Heilbronner Montagsdemo unterstützt 'Zero Covid'

„Die Großbetriebe sind die heilige Kuh, die nicht angetastet werden soll. ... Hier sind die wirklichen Infektionsherde.“ sagte ein Kollege von den Offensiven Metallern bei der Kundgebung in Stuttgart. Am Beispiel der Daimler-Gießerei in Mettingen zeigte er auf, wie aus Profitgründen der Gesundheitsschutz übergangen wird.

Die Bewegung ZeroCovid ist ein Zusammenschluss fortschrittlicher gesellschaftlicher Kräfte, die das Ziel haben, die Corona-Neuinfektionen auf Null zu senken. Sie ging Anfang April in über 30 Städten an die Öffentlichkeit. Sie kritisiert die chaotische Gesundheits-Politik der Bundes- und Landesregierungen, die mit einem Wechselspiel von Verboten und Lockerungen die Pandemie verlängert. Stattdessen fordert sie einen konsequenten Lockdown von ca 3 Wochen. Dieser muss auch die Industrie und Logistikbetriebe einschließen, außer der notwendigen Grundversorgung.

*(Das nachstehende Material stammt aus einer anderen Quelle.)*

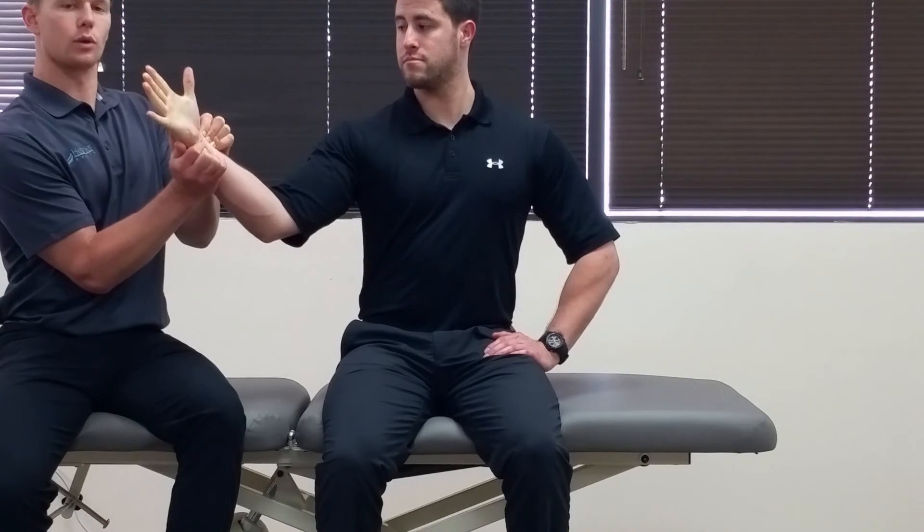At this point he should have some whiteness in his hand because you obliterated some of the blood supply to the hand. I'm going to release pressure on the radial artery and a normal response is a return of blood flow within five seconds. A positive test would be if blood flow does not return. Be sure to repeat the test on the ulnar side of the hand.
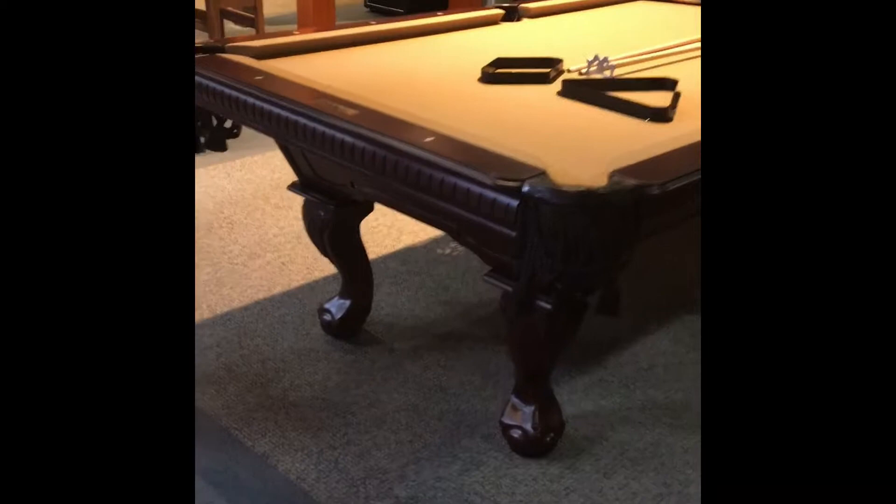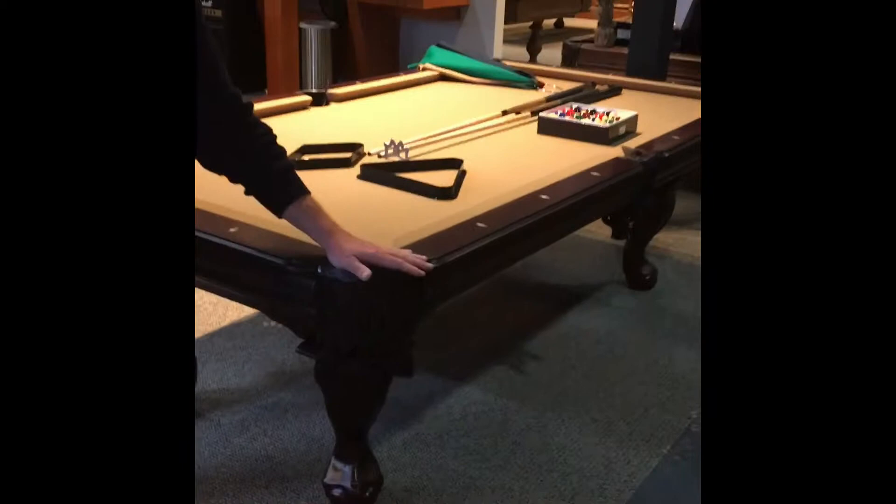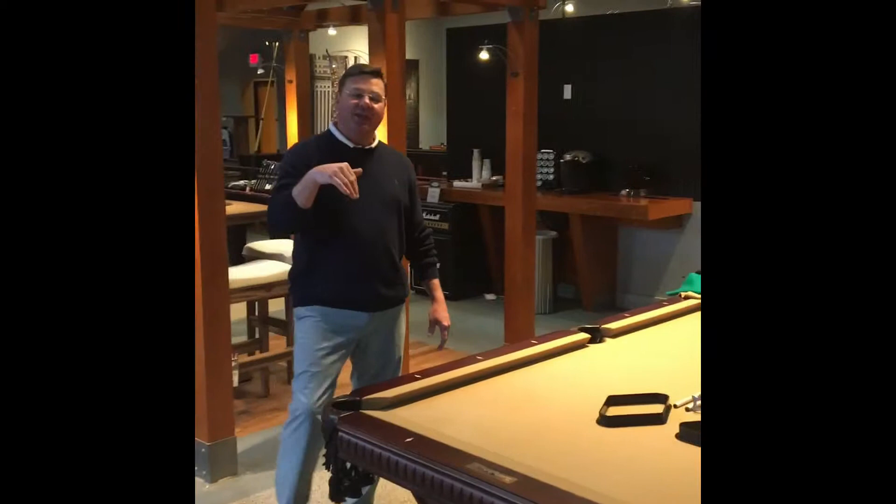It's got some beautiful router work in the cabinet down to the ball and claw leg. It comes with the hand-tooled leather pockets, one inch slate for the playing surface, and all you got to do is add felt and add accessories.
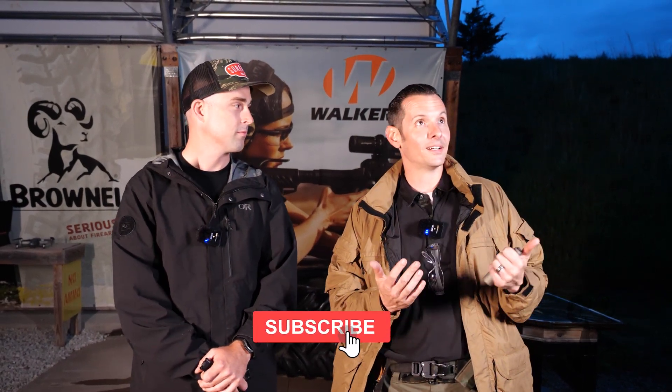Hi, Caleb from Brownells here, back again with Andrew from Surefire. Andrew, thanks for coming out. Appreciate having me. We're out here at Brownells Big Springs range in the dark and in a little bit of rain because we are talking about some Surefire beam patterns.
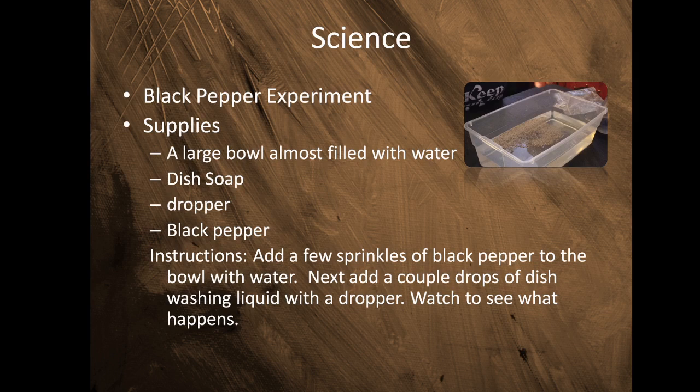Hello friends, for today's science experiment we're going to be working with black pepper. Here's what you need: a large bowl almost filled with water, dish soap, a dropper, black pepper, and you need an adult to help you with this.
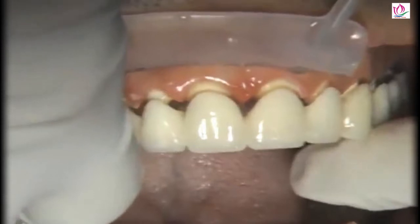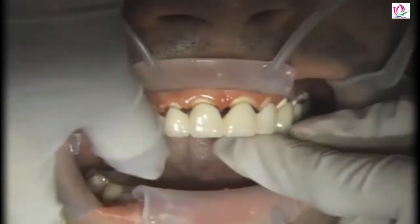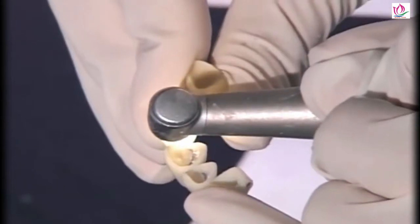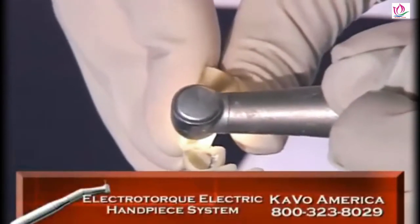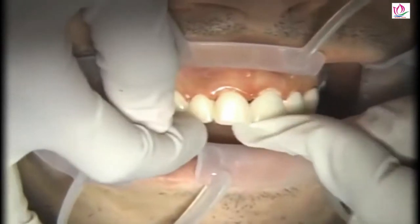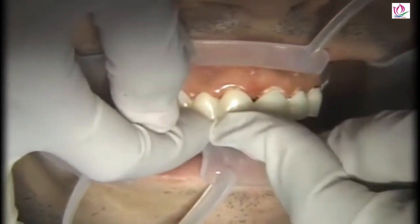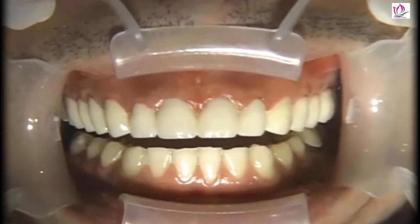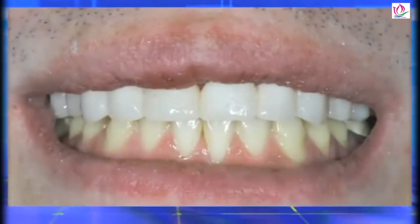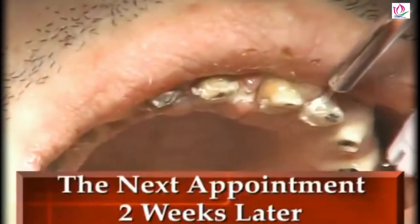When we try the biotemps back on again, they're not going to fit because they were relined at the last appointment before the post and cores were placed. So on those four teeth, I'm using a diamond on the electric handpiece — the Cavo Electrotorque — with the speed turned way down, to hollow out teeth number seven, eight, nine, and ten to try to make them look like the biotemps did originally. We try the biotemps back on the anterior segment and now that they're seating passively, we can re-reline these over the preps with the post and cores in place. If you remember what he looked like before, you can see that with the biotemps on we have a really great result, and the patient was very happy.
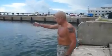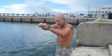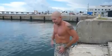Alright, so I'm going to jump in, swim out a little ways, take these trousers off, tie the legs together, and then put them over my neck and put air in them — and you'll see me floating.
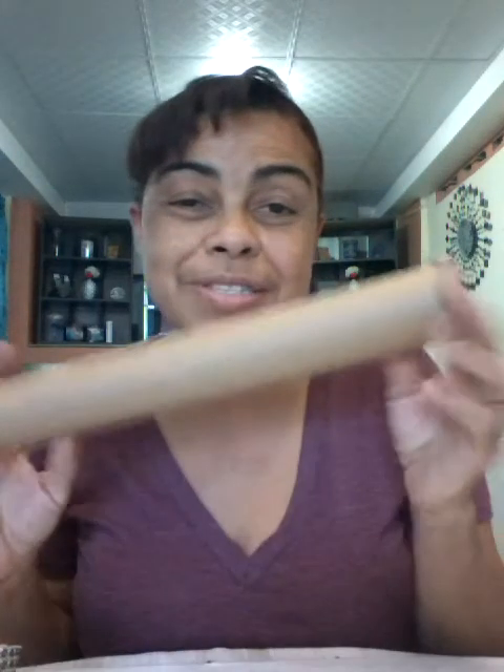Hi guys, Sharon here once again, hoping that you are having a blessed day so far. Today our project is just a continuation of what I did over the Christmas holidays, using any type of rolls that we have handy. I'm going to be doing a continuation of the table napkin ring holders that I did — one using an ornament from the Christmas tree and another one using beads.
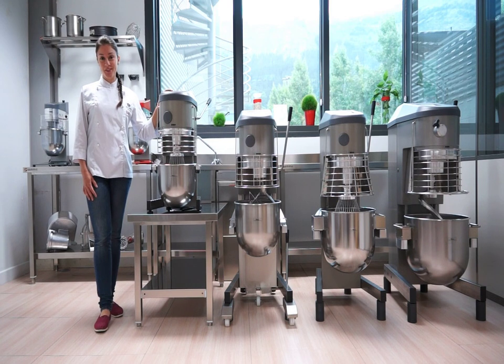Hi, I'm Suzy Santos, and from SAMeC headquarters in Escoitia, Spain, I will show you the range of SAMeC planetary mixers.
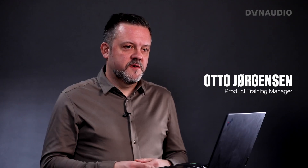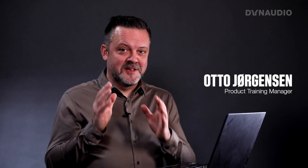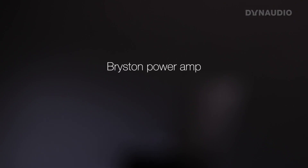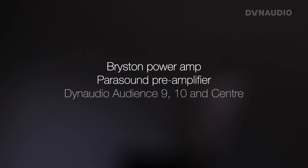We have a very interesting question from Guillemuso — sorry if I'm pronouncing that wrong. He has a very nice surround sound system with a Bryston power amp, a Parasound pre-amplifier, but more importantly the Audio Audience nine-tenon sensor speakers.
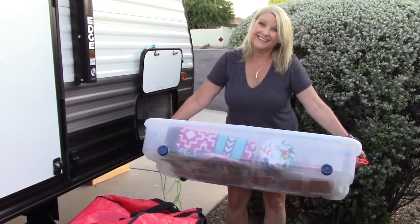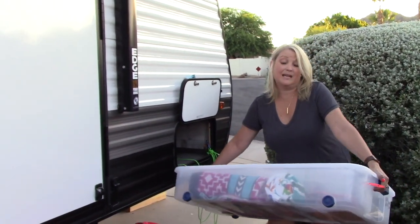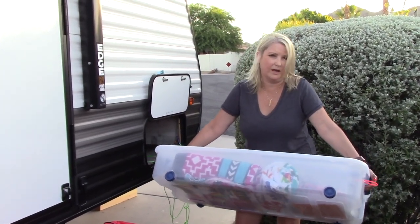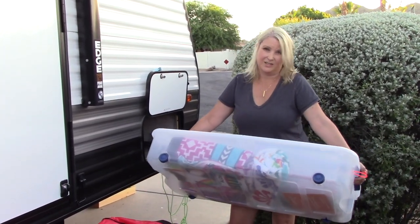Thanks for joining us! Next time I'm going to talk about clothing storage since I had so many extra questions about it — we're going to do a quick segue into clothing, so I'll be right back.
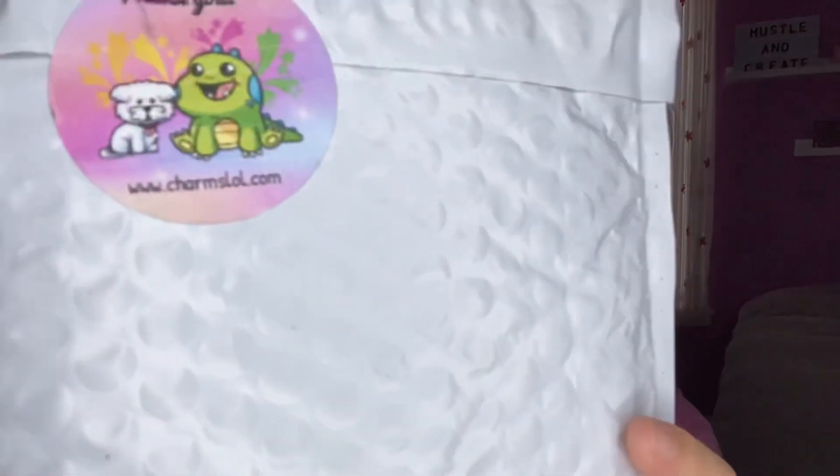Hey guys, it's me Kira and welcome back to my channel. If you're new, hi, I'm Kira! In today's video I'm going to be opening a squishy package from Charms Lol. This did take over two weeks to come here, but that wasn't Charms Lol's fault — it was the shipping. It also has this really cute sticker on it for the new year's. Happy 2021 and let's get started!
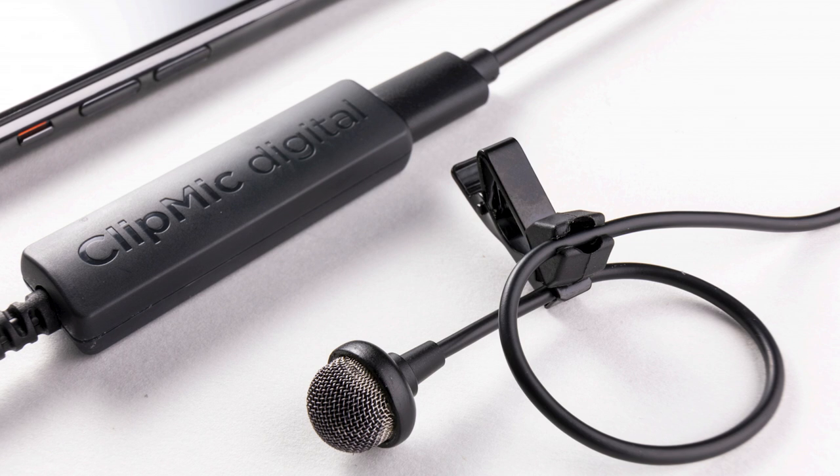2020 was really the year of the USB microphone and was great growth for us. I've got a Hype Mic here that I'm using in this particular instance. For 2021, our first new product is a new addition to our USB mic line, and it is called ClipMic Digital. It is a USB digital lavalier or lapel mic.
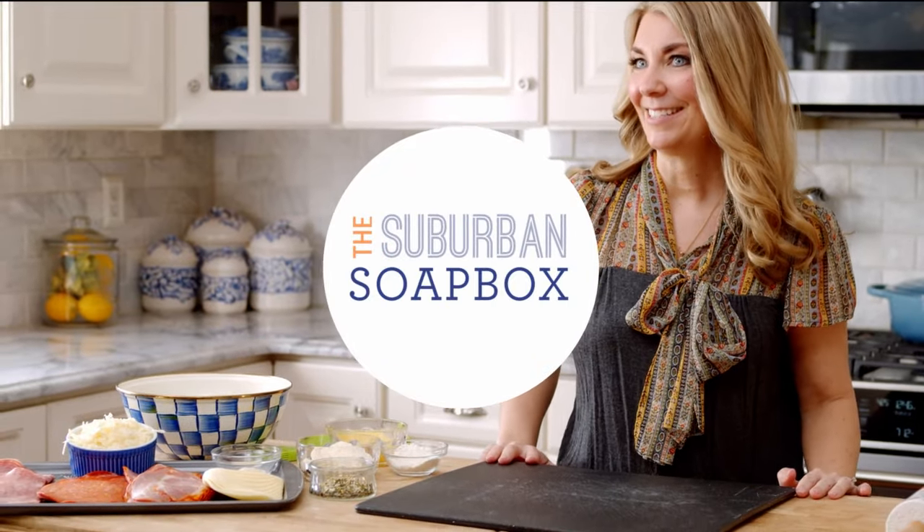Hey everyone, I'm Kelli with The Suburban Soapbox, and today we are making a savory and cheesy stromboli. This is my favorite dinner to make at home, and it's super simple to throw together. You might want to make this for Pizza Friday instead.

Die überparteiliche Heilbronner Montagsdemo am 12.4. diskutierte dieses Thema am Offenen Mikrofon. In einer fachkundigen Diskussion wurden die Erfahrungen aus verschiedenen gesellschaftlichen Bereichen zusammengefasst: „Tagsüber dicht an dicht im Betrieb oder im Stadtbus, abends isoliert zuhause.“ Die Diskussion kam zu dem Schluss: Die ZeroCovid – Bewegung ist vernünftig, medizinisch begründet und fortschrittlich. Ihre Forderungen können aber nur gegen die Profitinteressen der Großkonzerne durchgekämpft werden.